This is the fake, performative, and internationalist nationalism of the American elite class: they use emotional triggers to rally the people behind the flag of the state in the name of lofty humanitarian causes which mask their own self-importance and narcissistic greatness. In fact, the systematic and periodic milking of tragedy to sow mass hysteria and manufacture support for the liberal imperium and its rulers has become the modus operandi in Washington. The consequence is not only further empowerment of the martial state, but also the enabling and even the ennobling of America’s war machine.
But so what? So what if our information ecosystem in the West is substantively flawed and prejudiced? Is this kind of systemic information bias, unbalanced coverage, and outright favouritism not endemic to all culture-complexes, prevalent also across state-run media in China, Iran, and Russia? The answer is certainly yes, but with an important qualification: the latter are not liberal democracies.
Some might say the foreign policy hawks have not learned from their catastrophic regime-change wars in the Middle East. But they have. They learned the importance of narrative control and information warfare targeting domestic audiences: consolidating the media, tightening their hold on information, marginalising the few investigative journalists that remain, and nullifying scepticism as examples of appeasement or Putinism. Undoubtedly, the situation seriously endangers civil liberties and freedom of thought in the Anglosphere, undermining the very foundation of Western democracy.

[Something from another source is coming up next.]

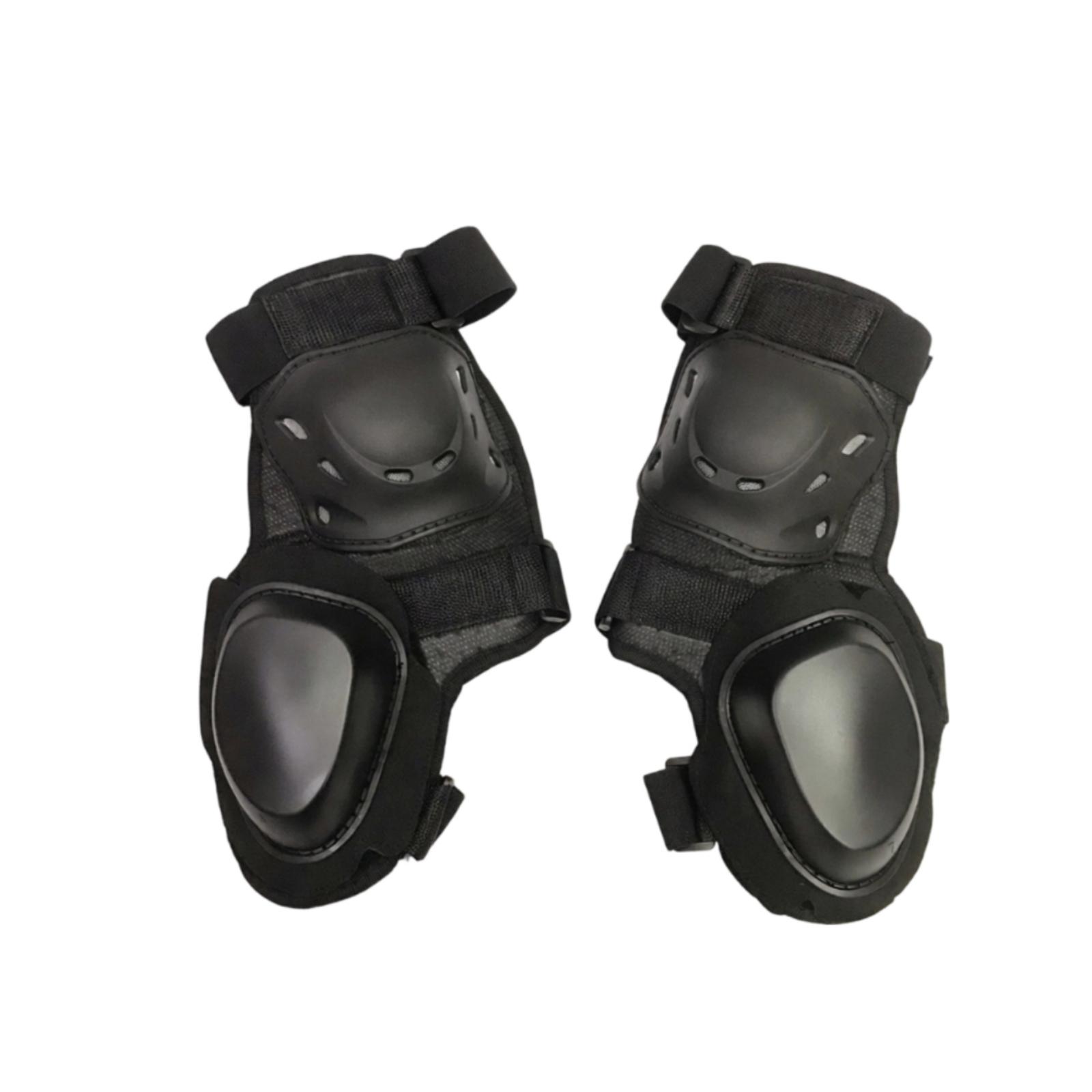 Motorcycle Knee Pads Adjustabl - Knee Guard Hard 评论和价格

But wedded to a disturbing, yet ascendant, neo-McCarthyism, the homogenisation of the Western media environment could ultimately prove more ominous than simple government censorship à la North Korea or Iran. At its core, the phenomenon aims to condition public opinion into “correct” acceptable speech patterns in the service of the “noble lie” — using the good heart of most ordinary citizens and their repulsion at human suffering as bait.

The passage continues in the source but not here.